Design

Data Transport between Producers and Consumers.

Current Data Transport Problems

  • Adhoc log aggregation
  • Duplicate data transfer
  • Tightly coupled - brittle
  • No Reliability Guarantees
  • Network glitches lead to huge backlog
  • High peak bandwidth requirement
  • No support or different data paths for near real-time use

Goals

  • Capability to transport event data between distributed sub-systems in reliable, efficient, scalable and uniform way for batch as well as near real-time consumption.
  • Decouple data consumers from producers
  • Savings on Network Bandwidth
    • Reduce peak network requirements due to bulk data transfers in spurts.
    • Minimize Duplicate data transfers across WAN

What Conduit is NOT ?

  • Filtering/transformation layer
    • Data is delivered in raw format as being produced
  • Data Store
    • Consumers are expected to consume the data within certain SLA, after which ALL data is purged
  • Batching semantics
    • Consumer decide their own batching semantics –Same data stream can be used by multiple consumers with different needs

Technology Evaluation

Details on Scribe setup/scenarios/usecases - ScribeArch

Design

Scribe Agents on each producer node. Producer application log messages using API which will write to the local scribe agent. Local scribe agent forward message to Scribe collectors. Scribe collectors writes to HDFS. Consumers pull data directly from HDFS.

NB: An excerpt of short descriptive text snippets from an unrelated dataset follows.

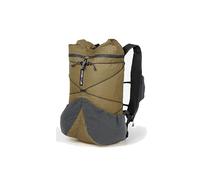 windhike 3F UL GEAR KAOLA Sac à dos de randonnée 20 + 5 l, sac à dos ultraléger, 480 g, Dyneema 70D, imperméable, système dorsal souple, plusieurs compartiments et système d'hydratation, pour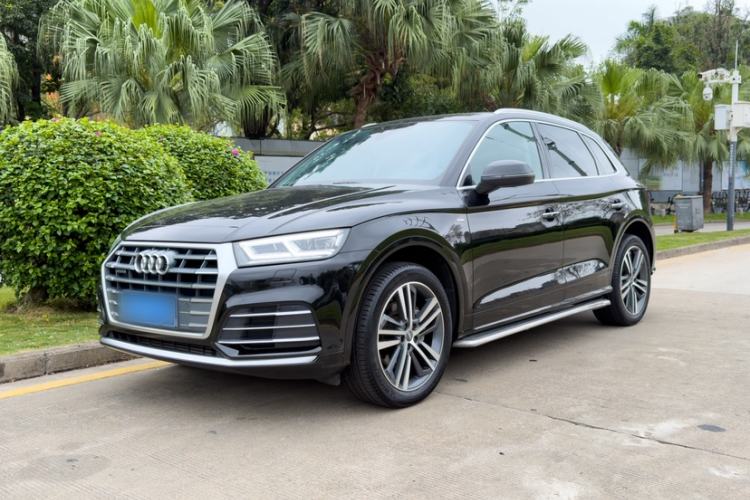 Used Audi Q5L 2020 Updated 40 TFSI Prestige Fashion Edition Exterior 5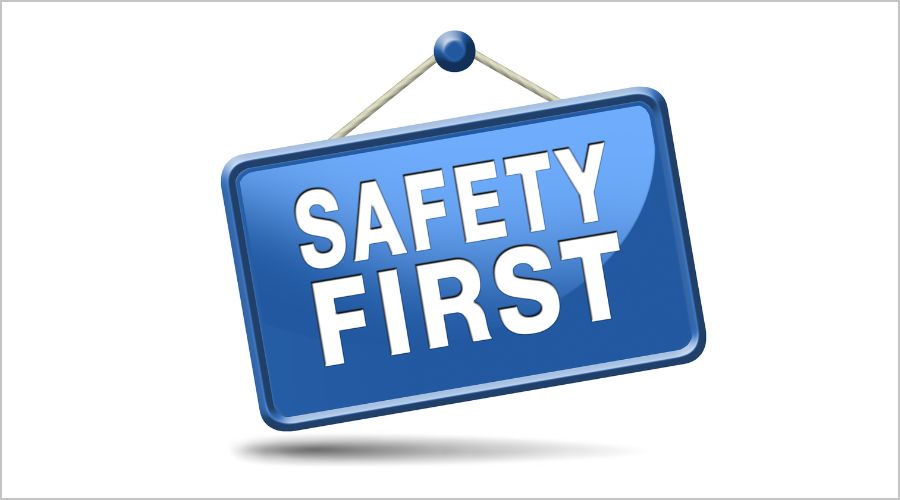 ラッシングベルトの安全対策ポイント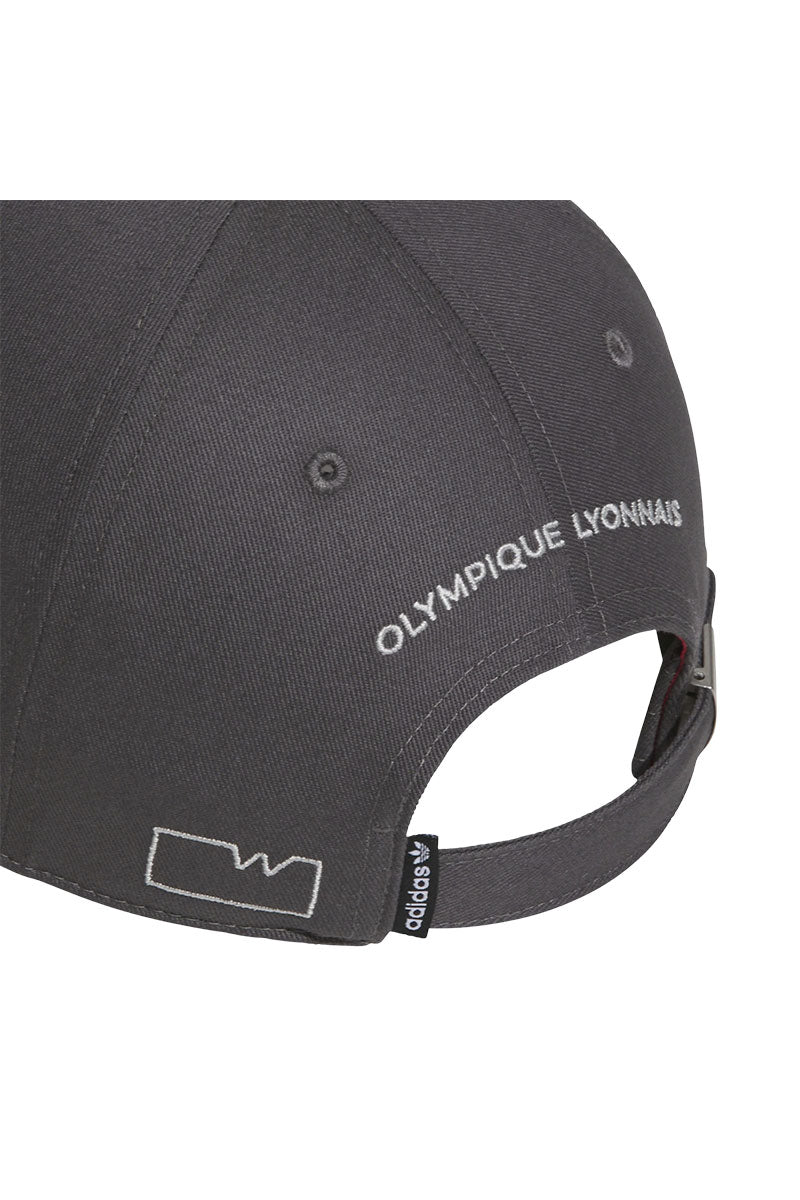 WALLSTREET x OL CAP Grey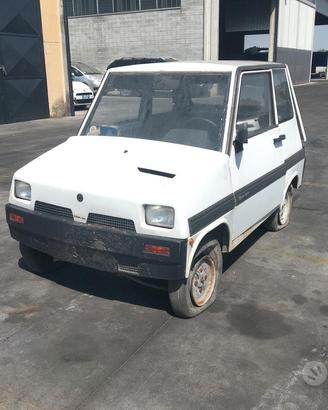 Minicar CASALINI 50 per ricambi o intera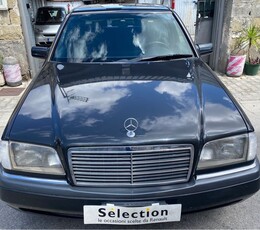 Mercedes-Benz Clase C 1995 KOMPRESSOR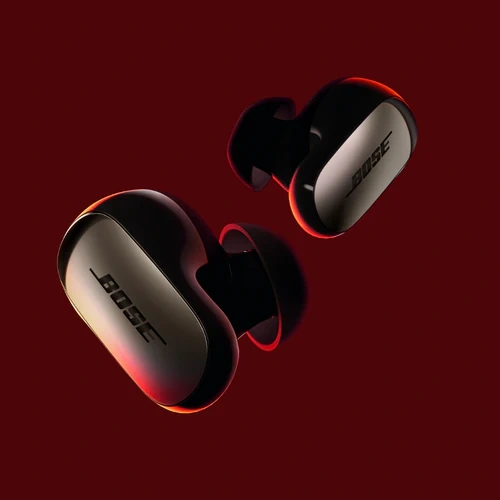 Bose QuietComfort Ultra Earbuds 2nd Gen Black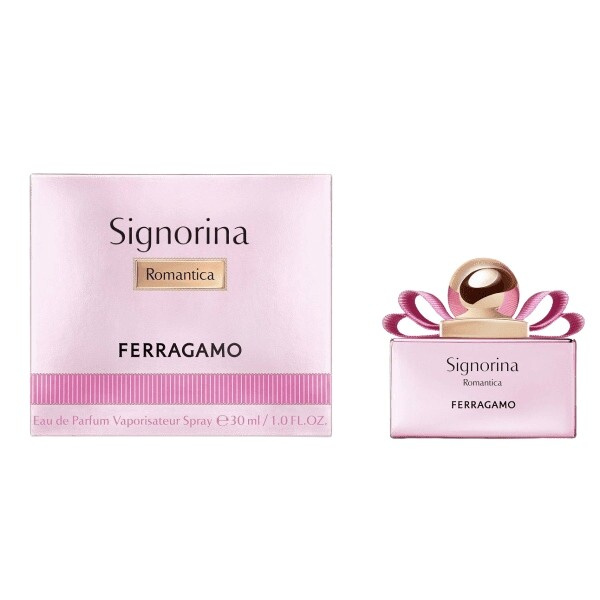 Ferragamo Signorina Romantica parfémová voda 30 ml
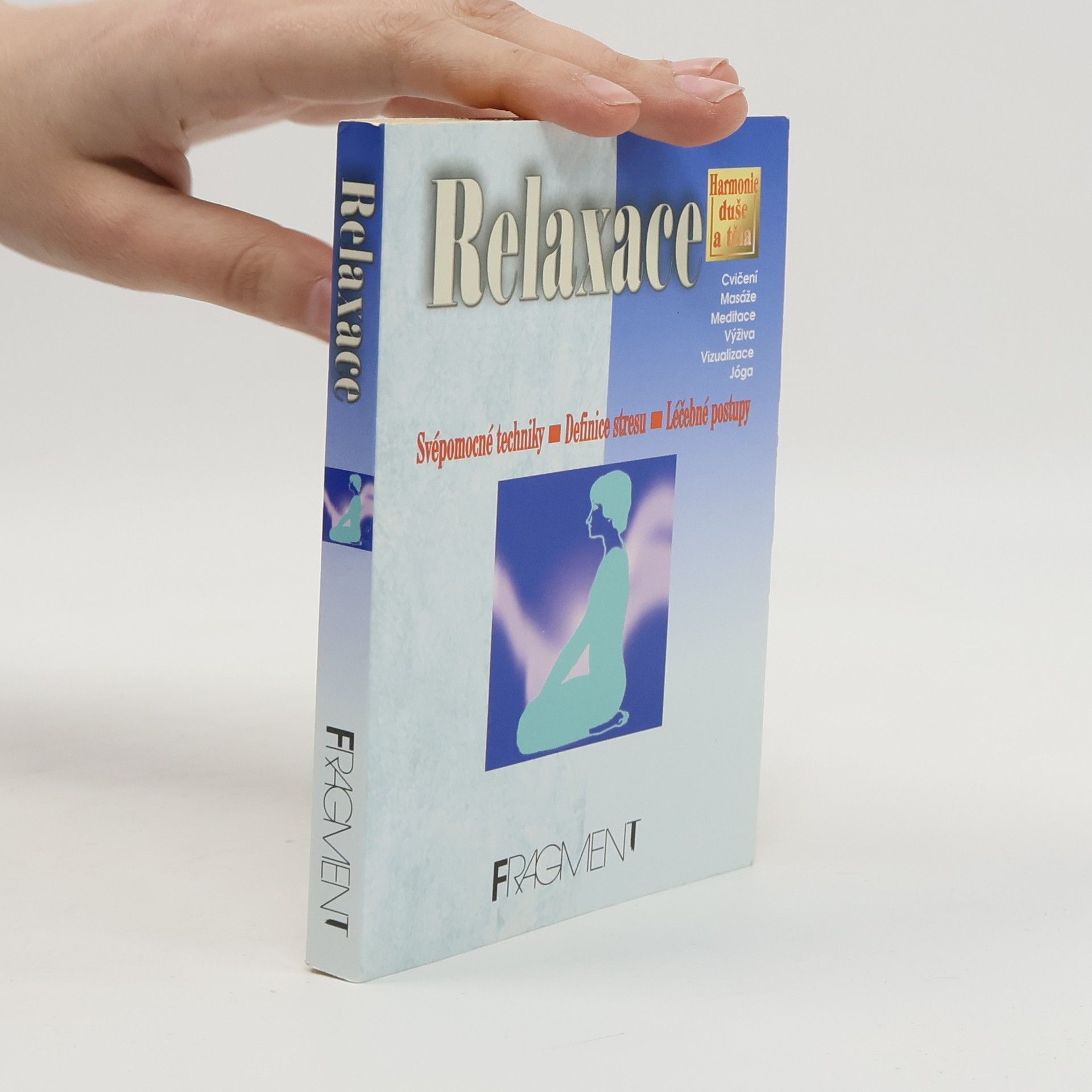 Eva Mazůrková Relaxace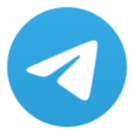 Telegram Beta icon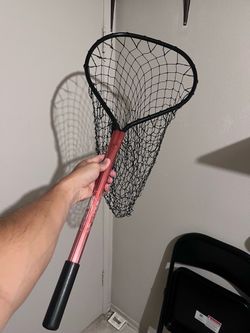 bass pro fishing landing net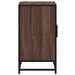 Dulap pentru chiuvetă de baie stejar maro 90x33x60 cm lemn - WALTI WALTI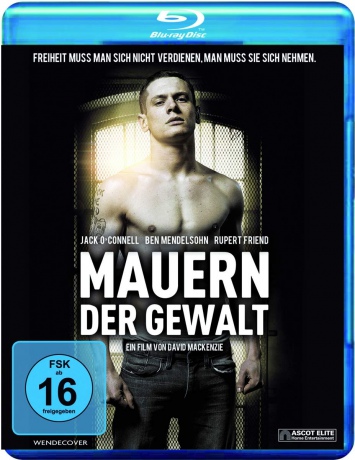 Starred Up (Odzyskany) [Blu-Ray]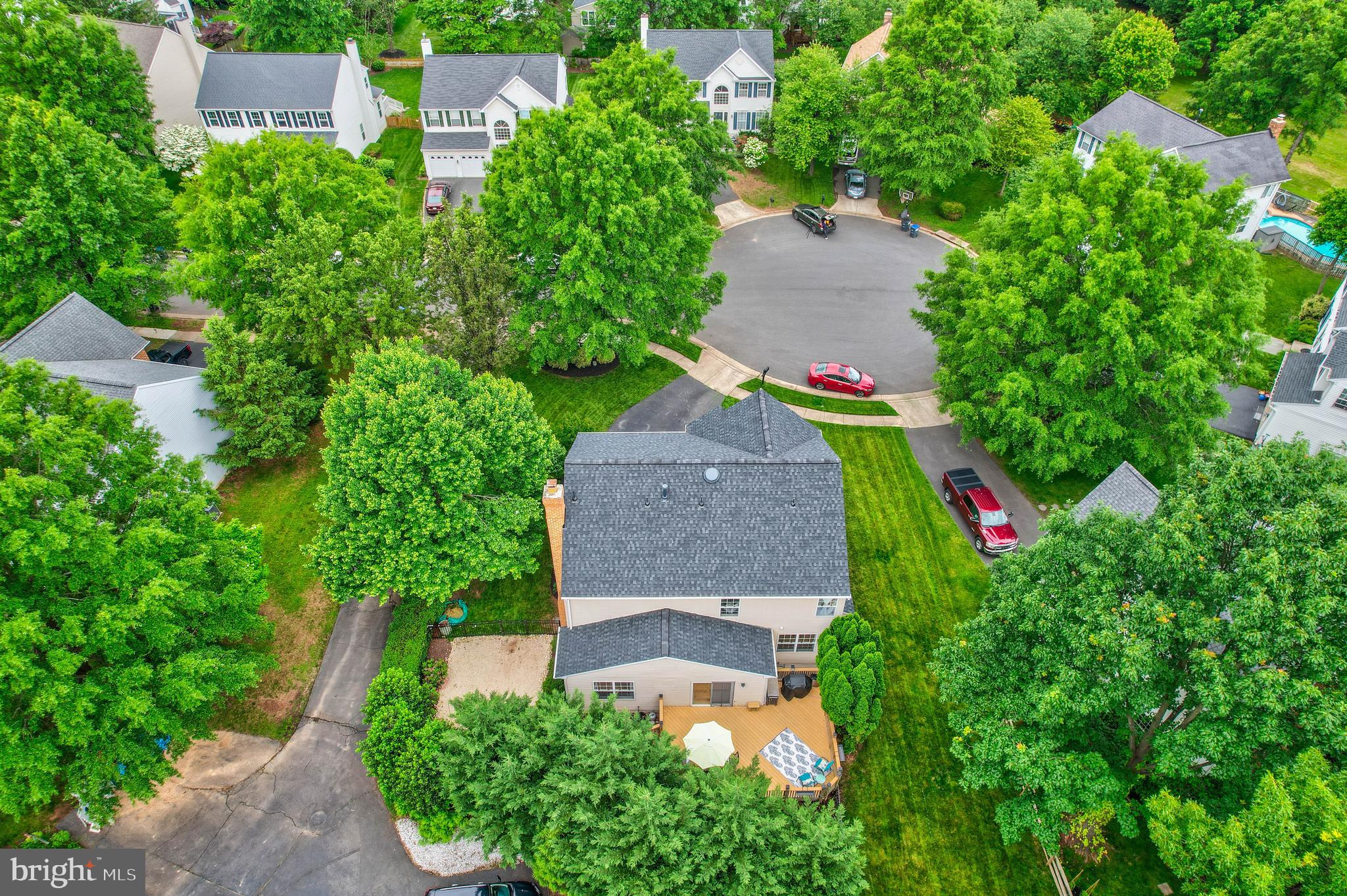 20346 Flushing Meadows Court Ashburn, VA 20147 - Photo 42 of 43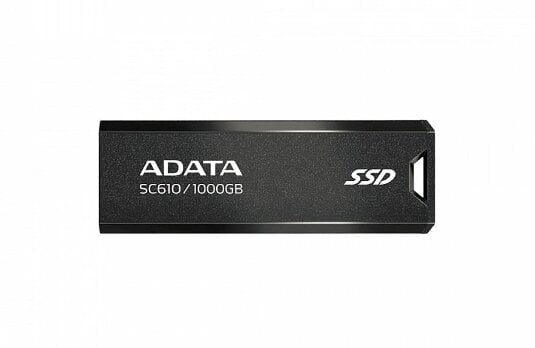 Adata SC610 kaina ir informacija | Išoriniai kietieji diskai (SSD, HDD) | pigu.lt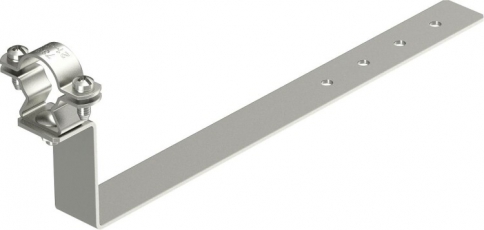 Держатель изолированного токоотвода для скатной кровли (isCon H280 VA) | 5408047 | OBO Bettermann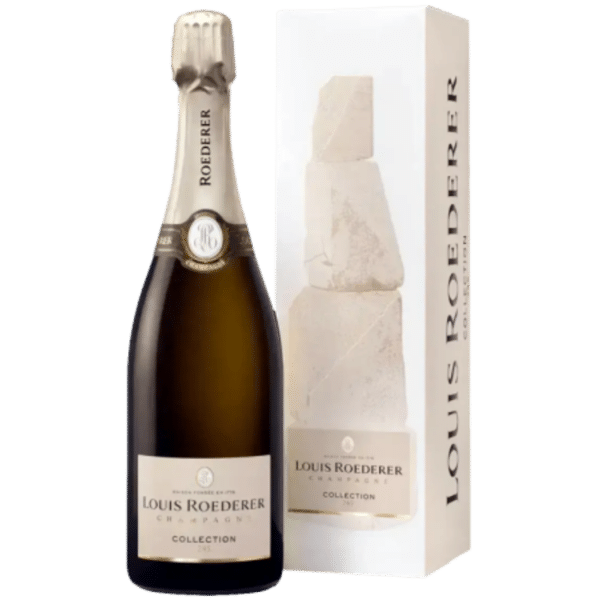 AOP CHAMPAGNE - LOUIS ROEDERER - COLLECTION MAGNUM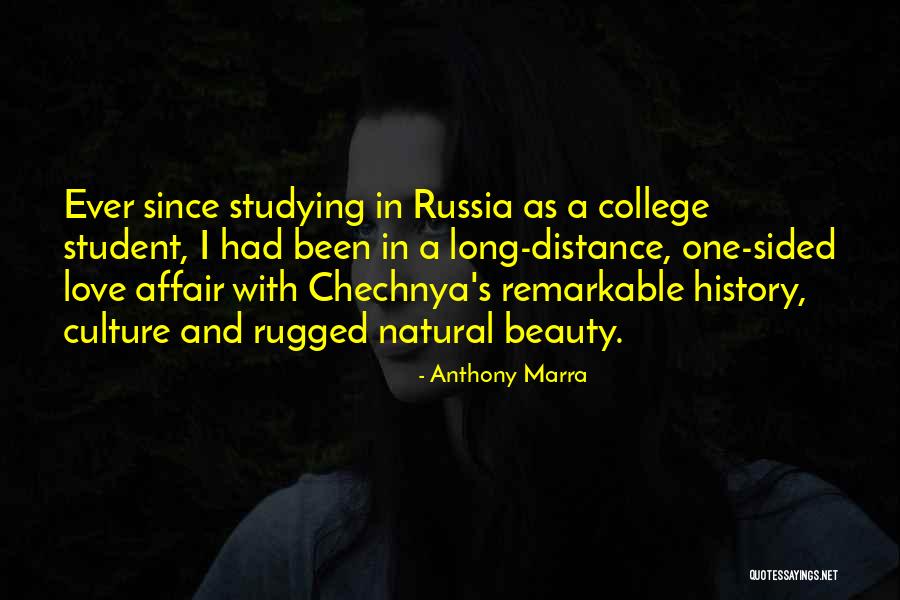 Distance Love Affair Quotes By Anthony Marra Distance Love Affair Quotes By Anthony Marra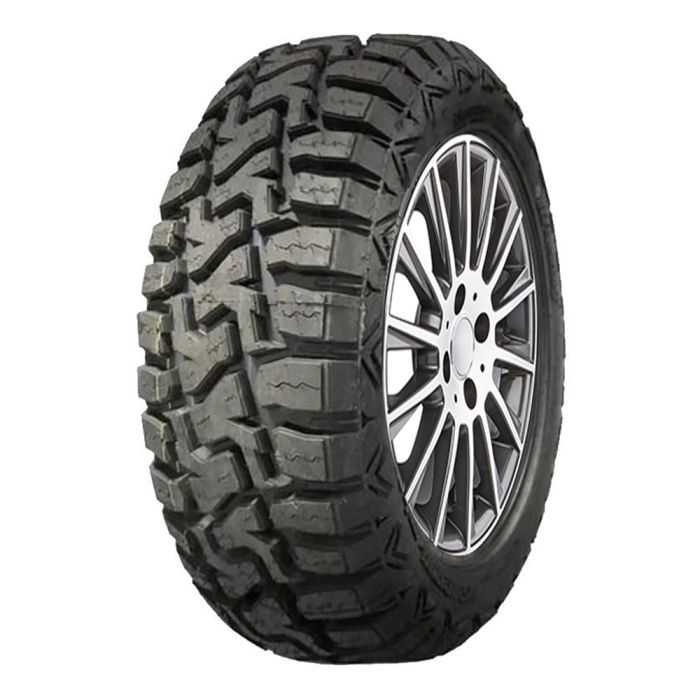 [19397] NEUMATICO 33X12.50 R17 MILEKING R/T BLK CHN MK878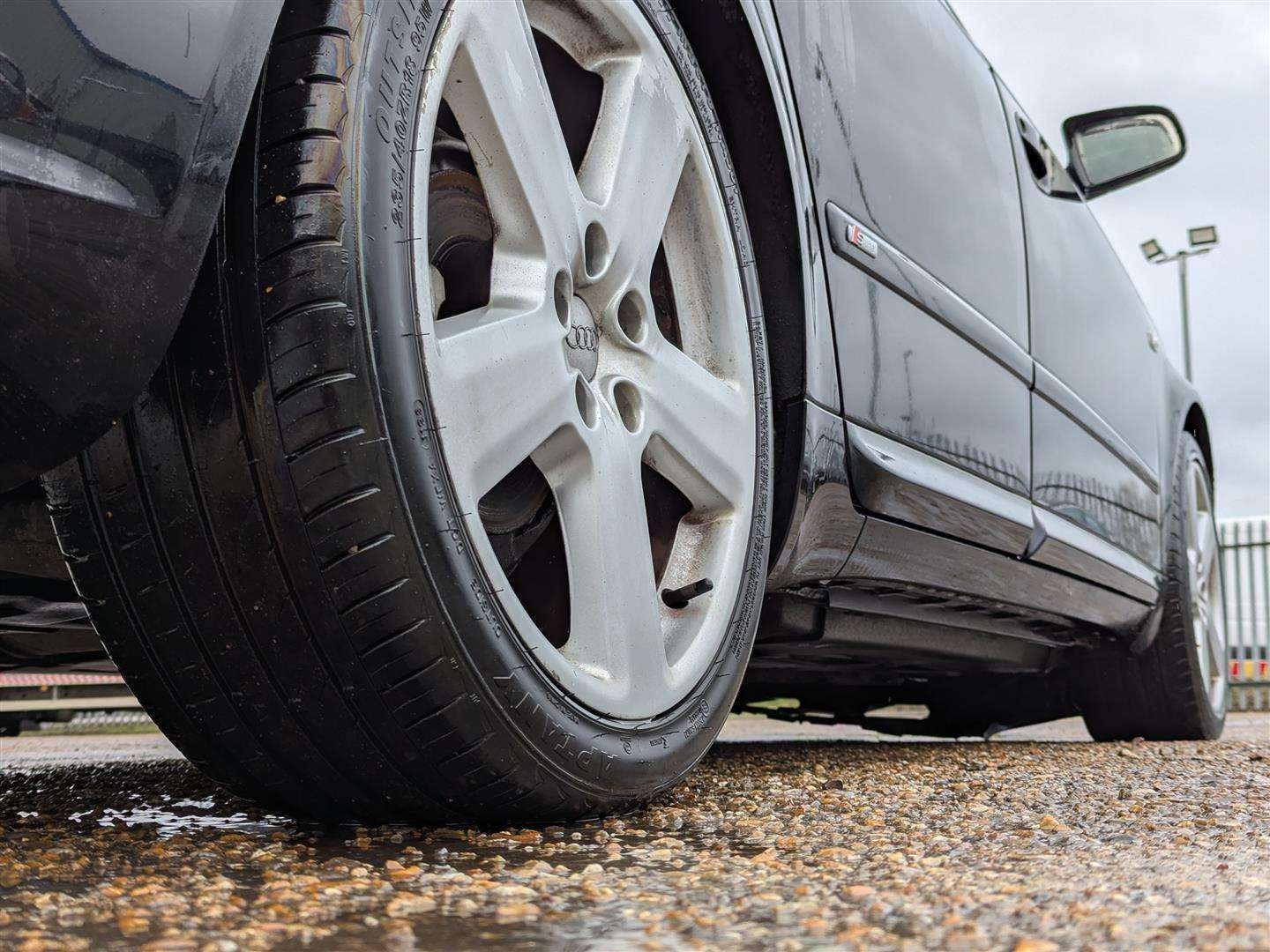 <p>2007 AUDI A4 AVANT S LINE TDI 140</p>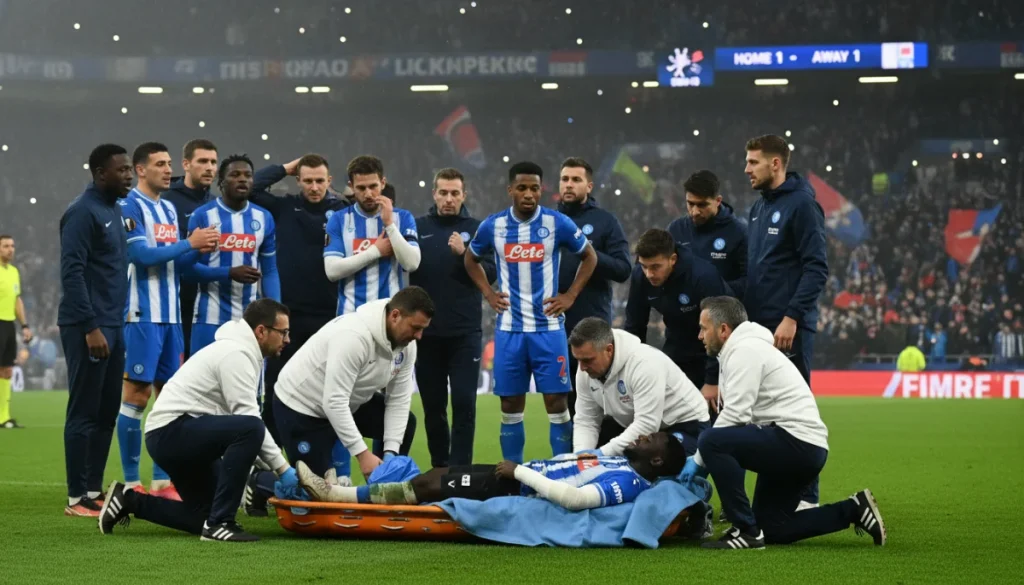 Osimhen’in Kırık Şoku ve Galatasaray’ın Hücum Hattındaki Yeni Planı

Producer-1, Producer-2 and Producer-3 are the producers of the Conduit and Consumer-1, Consumer-2 and Consumer-3 are the consumers of the Cconduit.

Producer-1 publishes messages to A_1 and B_1 categories to conduit, Producer-2 publishes messages to A_2 category and Produce-3 publishes the messages to B_3 caterogty/stream. Consumer-1 is only pulling the data from only A_1 stream, Consumer-2 is pulling the data from B_1 and Consumer-3 is pulling the data from A_2 and B_3 streams.

Salient Features

  1. Data compression: All data is kept in compressed form in HDFS. All cross dc transfers are of compressed data.
  2. Data merging: Merging of local streams from multiple data-center into the single Hadoop cluster closer to the consumer.
  3. Mirroring: Mirroring of merged data streams into another Hadoop cluster. Enabling BCP.
  4. Data retention: Manage data retention in the cluster.